By Fabio Pioli, professional trader and founder of CFI Independent Financial Advisory (www.cfionline.it).
In last week’s article (“FTSEMib: A Great Acceleration”), and the future will be below 22,500 points, we wrote about how it was necessary to make an effort to be objective and, in being objective, despite similarities in weakness, the Italian market could no longer be considered bearish.
In fact, today we have more than 1,000 points above: in the area of 23,600. And it is exactly like this: we are sorry for the bears as we are sorry for the bulls but if you have valid criteria to read the lateral you realize that the Italian market is still in an adirectional phase (Figure 1).
Fig. 1. FTSEMib Future – Daily Chart
And here comes the risk, even if it is wrong to define it with the term “risk”, which means. owaza. More than anything else, it is a certainty: all small economists will lose money. The reason is that in the face of what will happen, that is, a market that will explode in one of two directions, they will make the same mistakes they have always made. What is wrong? They will be, first of all, if they have not already done so, an optimistic or bearish position (long or short) based on impressions. Then it will happen that the market (sooner or later) will start in the direction and it will happen that anyone on the wrong side, surprised by the increase in speed, will be stuck in the position or, if it from a loss, will suffer less greater than expected; who on the right, also kept off by the changing speed, will close prematurely and marginally find the position and then find himself in the same conditions as his antagonist in the next lateral.

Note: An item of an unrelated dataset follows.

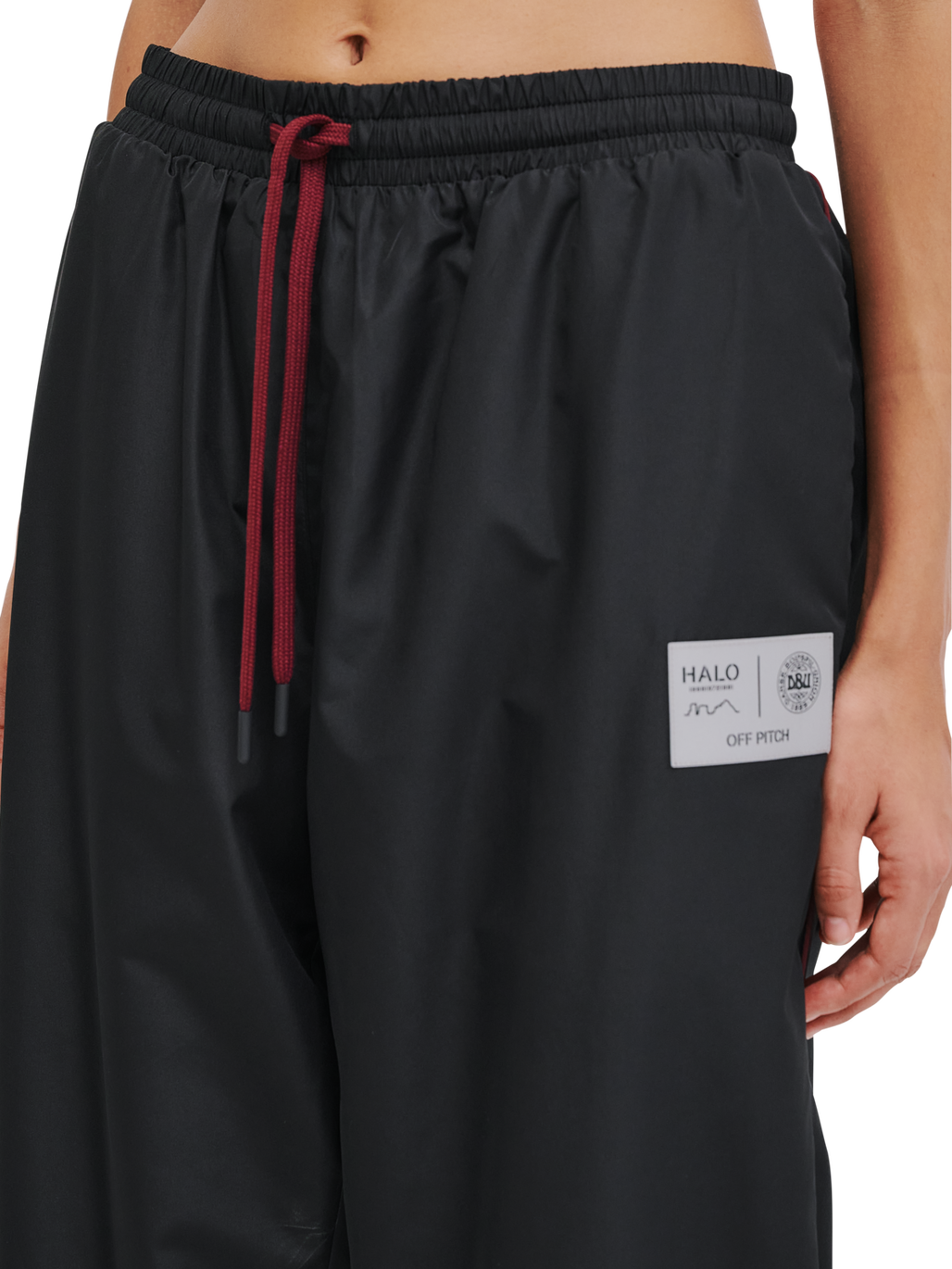 HALO DBU  TRACKSUIT  PANTS, BLACK, model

On the other hand, the reason the market is predictable is that people always make the same mistakes. How to get out of this ongoing cycle of error? The solution is simple: first of all you need to have the strength not to perform surgery during the lateral. Prices, small fluctuations and long lead times are tempting: you want to do something. Well we have to resist and give up.
When should I come in? Only on clear signals that the lateral ends and the direction begins. This avoids both taking the wrong direction and staying too long in position without winning or losing. Third, you must also have a valid criterion for not getting out of a start-up trend too early or staying grounded in a trend that is rather over. As for future trends and speak only of the bears: the decline will be evident (eventually) only below the previous low of 21,065 points (Figure 2). So the advice is: apply the above principles and be patient.